I genuinely dislike how user hostile everything has become. I effectively have to become an expert in near everything and track all news on the off-change something major upends previous assumptions. And if I miss it somehow and complain about it, defenders will come out of the woodwork to defend, deflect or derail the conversation.
If there is any good news about this, it is that the fatigue seems to be hitting normal people. Buddy from work complained to me how he now is now forced to be a full blown wifi/internet admin so that his kids' restrictions/limits are appropriately enforced.
I am just venting, because I am not entirely certain what an appropriate solution here is.

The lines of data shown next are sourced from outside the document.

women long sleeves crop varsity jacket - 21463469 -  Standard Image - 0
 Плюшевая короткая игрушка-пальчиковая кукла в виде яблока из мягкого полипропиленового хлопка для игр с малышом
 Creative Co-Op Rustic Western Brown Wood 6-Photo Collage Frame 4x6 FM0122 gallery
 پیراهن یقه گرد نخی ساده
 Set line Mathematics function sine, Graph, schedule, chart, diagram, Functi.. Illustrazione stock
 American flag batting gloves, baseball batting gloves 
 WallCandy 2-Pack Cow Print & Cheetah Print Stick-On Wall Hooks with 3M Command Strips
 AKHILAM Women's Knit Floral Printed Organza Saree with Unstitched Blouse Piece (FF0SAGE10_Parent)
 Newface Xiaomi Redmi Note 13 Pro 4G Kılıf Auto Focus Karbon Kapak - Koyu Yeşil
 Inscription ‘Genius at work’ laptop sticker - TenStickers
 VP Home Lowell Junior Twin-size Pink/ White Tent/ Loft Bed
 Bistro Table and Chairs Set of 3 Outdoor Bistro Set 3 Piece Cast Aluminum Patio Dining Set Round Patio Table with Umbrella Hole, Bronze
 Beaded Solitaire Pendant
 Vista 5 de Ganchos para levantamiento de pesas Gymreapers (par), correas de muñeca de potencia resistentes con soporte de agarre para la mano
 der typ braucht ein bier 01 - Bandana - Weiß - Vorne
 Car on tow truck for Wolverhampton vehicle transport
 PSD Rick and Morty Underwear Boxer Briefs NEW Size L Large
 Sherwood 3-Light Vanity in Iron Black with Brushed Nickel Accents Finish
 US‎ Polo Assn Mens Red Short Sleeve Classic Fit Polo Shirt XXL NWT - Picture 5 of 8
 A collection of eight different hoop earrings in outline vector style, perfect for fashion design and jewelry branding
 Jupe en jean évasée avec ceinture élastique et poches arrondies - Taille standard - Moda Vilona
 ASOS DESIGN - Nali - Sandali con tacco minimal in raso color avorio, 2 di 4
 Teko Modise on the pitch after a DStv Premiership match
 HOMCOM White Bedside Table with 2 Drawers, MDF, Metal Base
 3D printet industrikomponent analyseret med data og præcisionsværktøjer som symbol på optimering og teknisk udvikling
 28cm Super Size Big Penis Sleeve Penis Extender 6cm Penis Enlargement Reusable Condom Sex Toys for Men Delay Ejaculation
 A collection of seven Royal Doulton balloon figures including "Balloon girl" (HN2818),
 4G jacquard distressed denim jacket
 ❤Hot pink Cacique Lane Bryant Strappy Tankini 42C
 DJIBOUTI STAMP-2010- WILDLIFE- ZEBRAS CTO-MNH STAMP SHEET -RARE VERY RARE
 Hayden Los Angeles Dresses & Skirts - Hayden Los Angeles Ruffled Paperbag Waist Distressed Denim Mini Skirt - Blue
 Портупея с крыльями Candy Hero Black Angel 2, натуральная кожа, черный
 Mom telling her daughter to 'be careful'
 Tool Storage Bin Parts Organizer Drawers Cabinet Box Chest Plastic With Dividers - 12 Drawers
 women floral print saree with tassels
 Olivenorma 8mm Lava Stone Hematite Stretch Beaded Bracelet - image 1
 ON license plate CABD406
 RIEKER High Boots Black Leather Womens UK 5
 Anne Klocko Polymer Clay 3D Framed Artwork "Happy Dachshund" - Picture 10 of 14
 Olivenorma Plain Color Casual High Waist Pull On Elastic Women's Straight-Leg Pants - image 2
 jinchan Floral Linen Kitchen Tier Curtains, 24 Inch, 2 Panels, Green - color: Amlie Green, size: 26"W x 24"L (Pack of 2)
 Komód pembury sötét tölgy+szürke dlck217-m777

Are there any defenses I can put in front of my websites that are good for stopping these things? The amount of traffic I see from residential proxies is just killing me. In particular defense against residential proxies.
The bots used by these proxies are detectable in a few ways. Remember the bot itself doesn't run on the proxy...
There is discernible lag from proxy to c&c node. The individual bots don't have access to a lot of compute, and are sometimes restricted wrt feature set (e.g. proprietary video codecs).
There are a few other techniques. It's a cat and mouse game though. And the bot owners are usually more motivated than you are.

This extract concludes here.